* Required work *
The answer is to be the lines below that lie between the line holding "Chaqueta de cuero" and the line holding "60 Ton Double", inclusive, transcribed exactly and free of pictures.

* Provided data *

>>

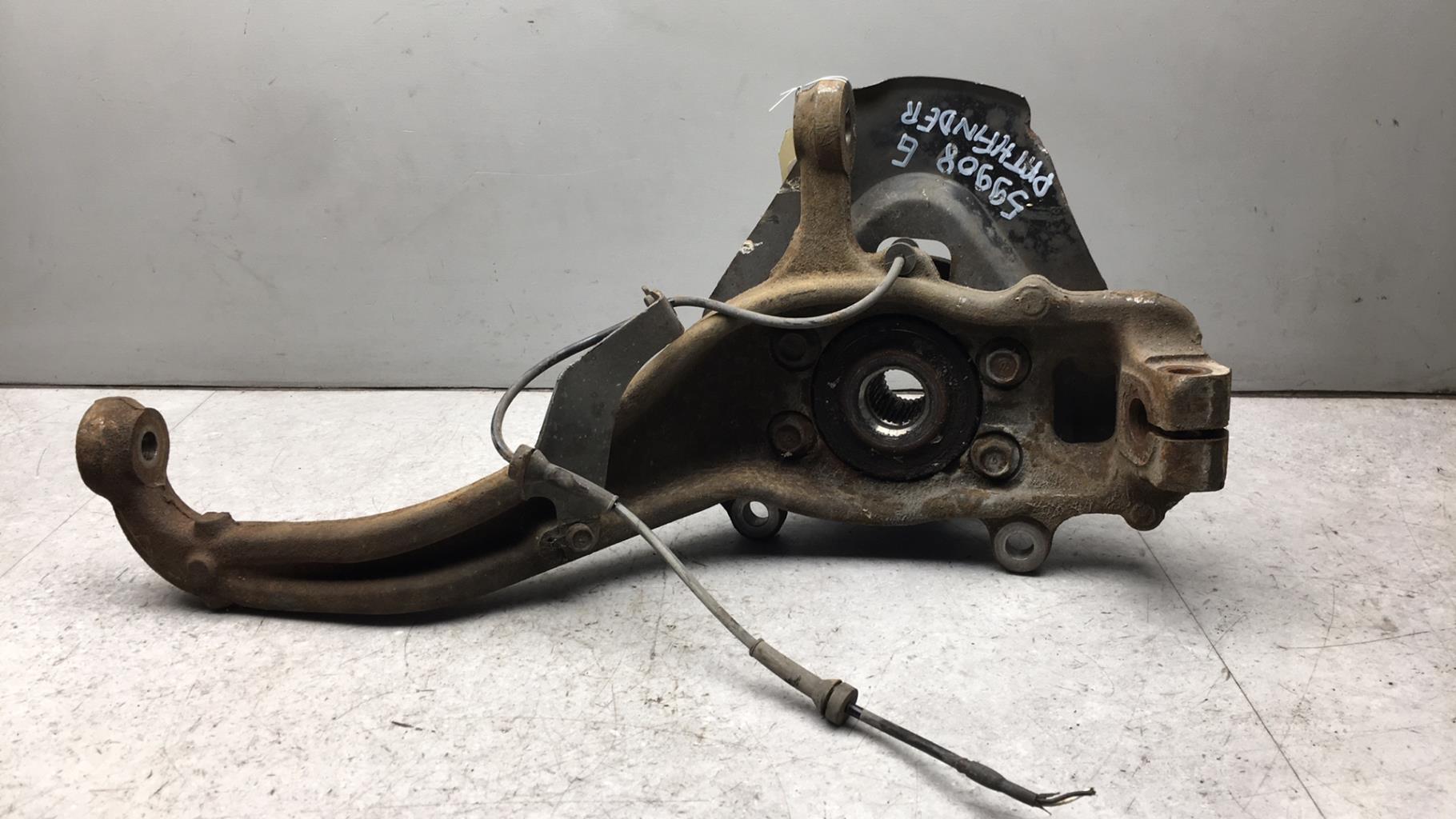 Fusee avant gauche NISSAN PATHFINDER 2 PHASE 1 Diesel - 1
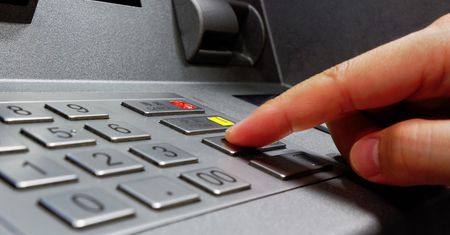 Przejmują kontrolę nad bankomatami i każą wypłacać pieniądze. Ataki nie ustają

<<
>>

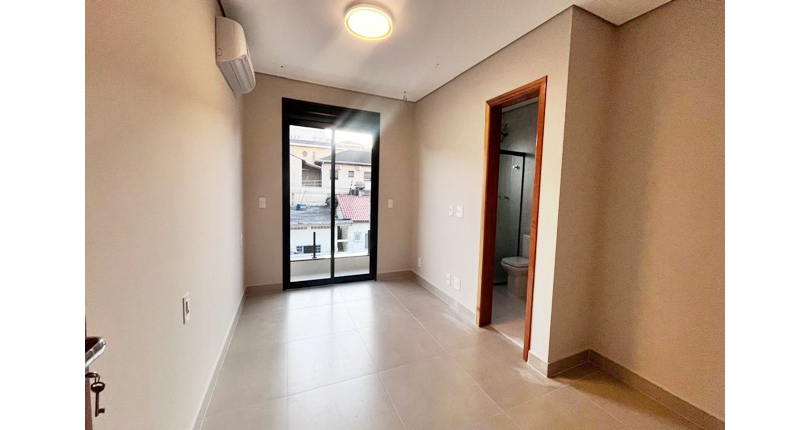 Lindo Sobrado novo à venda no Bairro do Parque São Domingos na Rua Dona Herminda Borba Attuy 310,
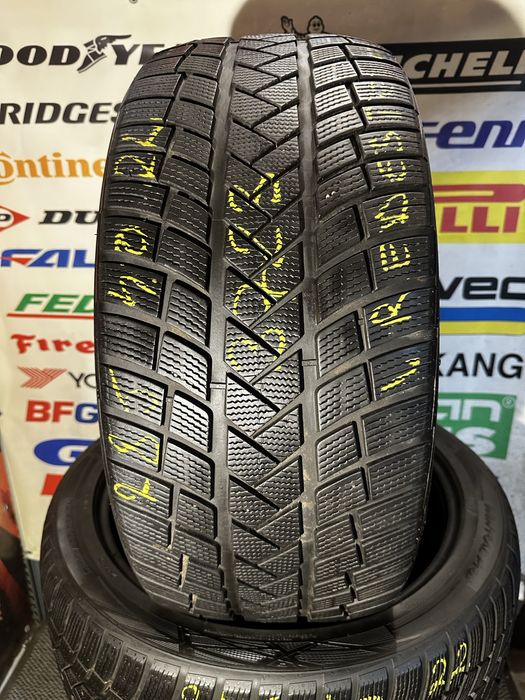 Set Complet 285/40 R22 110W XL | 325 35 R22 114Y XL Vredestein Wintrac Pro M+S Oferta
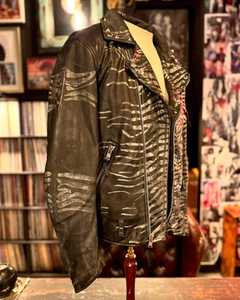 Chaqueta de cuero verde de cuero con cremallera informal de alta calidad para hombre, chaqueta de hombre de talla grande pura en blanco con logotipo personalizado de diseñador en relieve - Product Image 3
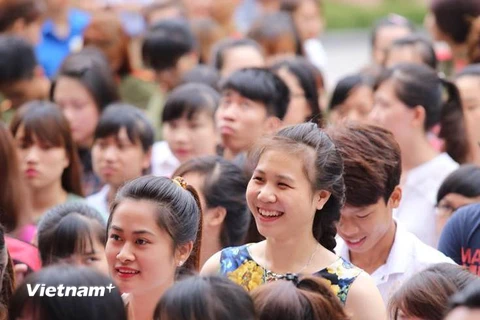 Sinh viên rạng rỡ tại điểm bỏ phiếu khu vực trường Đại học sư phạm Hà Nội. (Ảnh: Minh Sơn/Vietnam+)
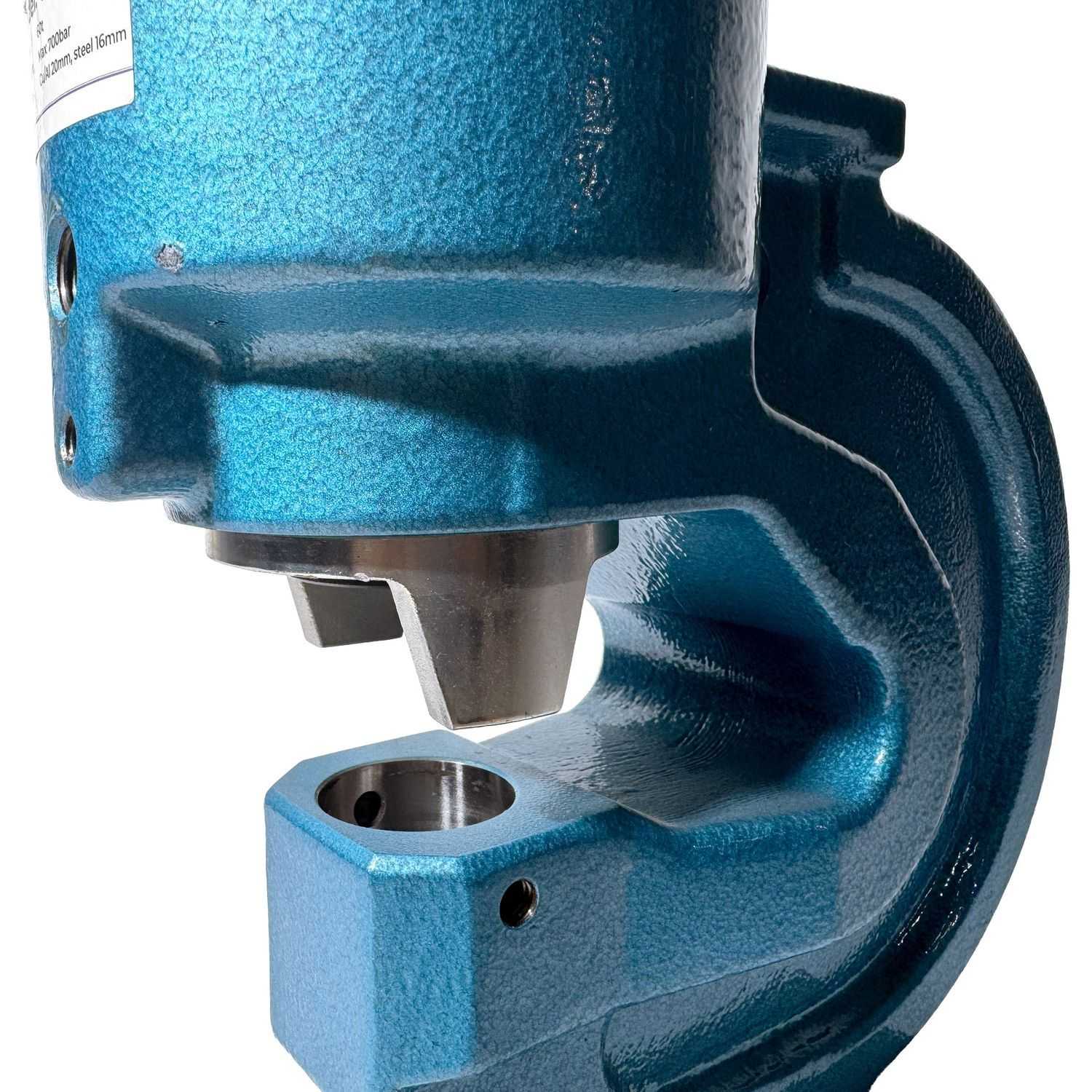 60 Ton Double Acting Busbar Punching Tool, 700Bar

<<

* Solution to this task *
 Chaqueta de cuero verde de cuero con cremallera informal de alta calidad para hombre, chaqueta de hombre de talla grande pura en blanco con logotipo personalizado de diseñador en relieve - Product Image 3
 Sinh viên rạng rỡ tại điểm bỏ phiếu khu vực trường Đại học sư phạm Hà Nội. (Ảnh: Minh Sơn/Vietnam+)
 60 Ton Double Acting Busbar Punching Tool, 700Bar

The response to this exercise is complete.